India | 2018 | 121 min | Hindi | Director Attending
This love letter to the syncretic culture of Old Delhi, or Shahjahanabad, is based on interviews with 75 migrant workers. The film follows the lives and aspirations of a pickpocket and a sweetmeat vendor from Uttar Pradesh, and a loader from Kerala, who all live on an abandoned rooftop. Inspired by Akash, a local Jain who conducts heritage walks through Old Delhi, the pickpocket devises his own ‘alternative walks’ which reveal the city’s underbelly but land him in trouble with small-factory owners and the police. Changing tack, he conducts a final ‘dream walk’ that takes us deep into the migrant communities’ subconscious. Light and humorous in its approach, Ghode ko Jalebi is notable for its portrayal of the mix of languages spoken in Old Delhi, including Urdu, Hindi, English, Malayalam and Bhojpuri, together with street versions of the same.
Born in 1959, eminent theatre director Anamika Haksar trained under Badal Sarcar and BV Karanth at the National School of drama, Delhi, and later attended the State Institute of Theatrical Art, Moscow.
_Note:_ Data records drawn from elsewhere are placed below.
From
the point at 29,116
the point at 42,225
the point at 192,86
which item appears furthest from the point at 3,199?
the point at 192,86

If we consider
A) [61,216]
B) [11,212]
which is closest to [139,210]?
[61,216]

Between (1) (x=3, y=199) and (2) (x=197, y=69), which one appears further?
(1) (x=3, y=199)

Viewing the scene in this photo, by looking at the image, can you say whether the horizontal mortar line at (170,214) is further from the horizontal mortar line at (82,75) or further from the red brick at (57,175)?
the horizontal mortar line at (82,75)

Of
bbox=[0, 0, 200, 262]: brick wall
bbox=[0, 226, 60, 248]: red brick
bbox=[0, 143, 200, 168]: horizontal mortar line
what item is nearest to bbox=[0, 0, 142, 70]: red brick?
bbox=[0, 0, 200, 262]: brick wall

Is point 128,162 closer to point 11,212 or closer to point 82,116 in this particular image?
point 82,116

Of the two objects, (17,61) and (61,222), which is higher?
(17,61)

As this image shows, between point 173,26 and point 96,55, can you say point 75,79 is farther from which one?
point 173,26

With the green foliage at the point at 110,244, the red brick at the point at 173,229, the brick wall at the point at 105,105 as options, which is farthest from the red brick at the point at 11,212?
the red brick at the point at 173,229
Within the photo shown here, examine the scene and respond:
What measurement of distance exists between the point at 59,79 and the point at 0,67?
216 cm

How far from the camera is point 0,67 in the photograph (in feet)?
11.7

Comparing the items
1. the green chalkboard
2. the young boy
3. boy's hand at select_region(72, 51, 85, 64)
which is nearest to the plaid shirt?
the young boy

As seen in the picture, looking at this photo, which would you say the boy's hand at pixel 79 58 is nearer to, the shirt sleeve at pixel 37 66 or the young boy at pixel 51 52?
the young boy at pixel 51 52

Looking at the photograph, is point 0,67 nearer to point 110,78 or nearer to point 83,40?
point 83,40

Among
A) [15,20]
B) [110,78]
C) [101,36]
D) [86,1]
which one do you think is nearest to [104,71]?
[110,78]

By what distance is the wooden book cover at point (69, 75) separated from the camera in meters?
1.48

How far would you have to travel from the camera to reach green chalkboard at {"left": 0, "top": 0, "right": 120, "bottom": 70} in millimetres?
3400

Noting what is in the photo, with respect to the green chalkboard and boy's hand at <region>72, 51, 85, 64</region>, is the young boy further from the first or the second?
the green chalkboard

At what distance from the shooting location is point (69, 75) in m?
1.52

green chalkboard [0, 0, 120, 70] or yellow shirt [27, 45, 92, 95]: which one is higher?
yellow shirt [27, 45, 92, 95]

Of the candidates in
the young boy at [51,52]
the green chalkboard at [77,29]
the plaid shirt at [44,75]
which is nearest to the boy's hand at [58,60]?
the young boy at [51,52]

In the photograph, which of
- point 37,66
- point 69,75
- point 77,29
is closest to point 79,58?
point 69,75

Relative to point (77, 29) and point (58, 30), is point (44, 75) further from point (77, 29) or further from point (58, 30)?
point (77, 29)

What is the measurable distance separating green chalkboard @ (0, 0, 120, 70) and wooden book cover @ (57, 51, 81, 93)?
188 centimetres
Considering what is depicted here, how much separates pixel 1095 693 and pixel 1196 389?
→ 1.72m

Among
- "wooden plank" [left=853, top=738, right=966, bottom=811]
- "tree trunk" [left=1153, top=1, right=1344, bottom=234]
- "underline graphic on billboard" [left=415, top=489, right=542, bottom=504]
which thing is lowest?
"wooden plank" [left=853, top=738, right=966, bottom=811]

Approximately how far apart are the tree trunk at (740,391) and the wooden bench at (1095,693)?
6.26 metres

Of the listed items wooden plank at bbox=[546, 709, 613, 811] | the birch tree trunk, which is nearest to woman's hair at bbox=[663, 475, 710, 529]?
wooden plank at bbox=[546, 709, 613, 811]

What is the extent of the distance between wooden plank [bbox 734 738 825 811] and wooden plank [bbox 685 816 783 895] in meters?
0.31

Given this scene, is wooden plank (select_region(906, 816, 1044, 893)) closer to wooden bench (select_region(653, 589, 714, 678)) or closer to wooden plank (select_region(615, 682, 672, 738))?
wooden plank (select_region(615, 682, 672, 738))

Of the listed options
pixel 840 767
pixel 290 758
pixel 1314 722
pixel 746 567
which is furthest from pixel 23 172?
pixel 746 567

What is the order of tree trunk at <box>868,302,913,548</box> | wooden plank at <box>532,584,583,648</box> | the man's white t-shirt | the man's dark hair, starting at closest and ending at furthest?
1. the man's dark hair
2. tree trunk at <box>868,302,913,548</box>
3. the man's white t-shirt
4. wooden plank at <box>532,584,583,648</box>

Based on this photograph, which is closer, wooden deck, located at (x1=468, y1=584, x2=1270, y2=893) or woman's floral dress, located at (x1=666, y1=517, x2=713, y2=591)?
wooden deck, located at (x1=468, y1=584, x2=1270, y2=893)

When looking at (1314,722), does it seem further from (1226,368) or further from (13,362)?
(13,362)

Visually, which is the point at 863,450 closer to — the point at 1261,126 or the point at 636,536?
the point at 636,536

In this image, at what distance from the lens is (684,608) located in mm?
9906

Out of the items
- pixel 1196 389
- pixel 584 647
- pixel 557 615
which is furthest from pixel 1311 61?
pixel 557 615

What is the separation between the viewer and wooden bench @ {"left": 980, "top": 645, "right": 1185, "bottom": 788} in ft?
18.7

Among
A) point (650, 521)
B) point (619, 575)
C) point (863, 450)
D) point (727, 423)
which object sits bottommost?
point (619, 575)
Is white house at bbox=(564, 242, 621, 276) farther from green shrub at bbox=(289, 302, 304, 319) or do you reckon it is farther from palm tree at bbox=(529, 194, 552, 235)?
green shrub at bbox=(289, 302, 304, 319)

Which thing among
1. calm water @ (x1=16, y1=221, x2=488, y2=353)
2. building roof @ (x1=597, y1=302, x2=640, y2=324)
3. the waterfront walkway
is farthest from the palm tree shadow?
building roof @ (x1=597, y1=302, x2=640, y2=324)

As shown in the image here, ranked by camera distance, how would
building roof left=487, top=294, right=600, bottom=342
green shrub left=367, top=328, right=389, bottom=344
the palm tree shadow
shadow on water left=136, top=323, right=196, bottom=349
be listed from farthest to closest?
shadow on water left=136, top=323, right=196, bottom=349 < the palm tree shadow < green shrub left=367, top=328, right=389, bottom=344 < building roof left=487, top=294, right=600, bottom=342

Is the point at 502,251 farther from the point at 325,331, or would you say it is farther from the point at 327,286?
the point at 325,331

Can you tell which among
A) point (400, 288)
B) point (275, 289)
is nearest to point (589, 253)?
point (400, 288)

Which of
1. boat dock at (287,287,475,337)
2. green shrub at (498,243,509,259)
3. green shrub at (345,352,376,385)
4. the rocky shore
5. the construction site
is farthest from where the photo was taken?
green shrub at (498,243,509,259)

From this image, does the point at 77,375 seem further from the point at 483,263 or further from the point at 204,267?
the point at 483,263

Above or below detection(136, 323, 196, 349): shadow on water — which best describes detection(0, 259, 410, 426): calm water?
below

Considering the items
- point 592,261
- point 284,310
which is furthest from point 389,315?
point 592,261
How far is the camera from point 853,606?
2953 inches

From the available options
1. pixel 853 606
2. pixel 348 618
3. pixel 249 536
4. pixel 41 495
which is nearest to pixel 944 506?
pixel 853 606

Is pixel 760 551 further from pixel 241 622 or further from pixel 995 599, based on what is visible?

In 1995, she was awarded the Sanskruti award for developing a new theatre language in India. In 2016 she exhibited a highly acclaimed theatre installation at the Kochi-Muziris Biennale. Anamika’s last play was 2008’s Uchakka, based on Marathi novelist Laxman Gaikwad’s autobiography. Explaining the motivation behind Ghode ko Jalebi, Anamika says, “My country, India, is full of stories and dreams, retained mostly by its illiterate population. During my walks through old Delhi, I noticed that, with the changing landscape of the city, memories were fading away. Anyone below 30 was in a state amnesia, history and stories wiped out of their minds by an urban smog.”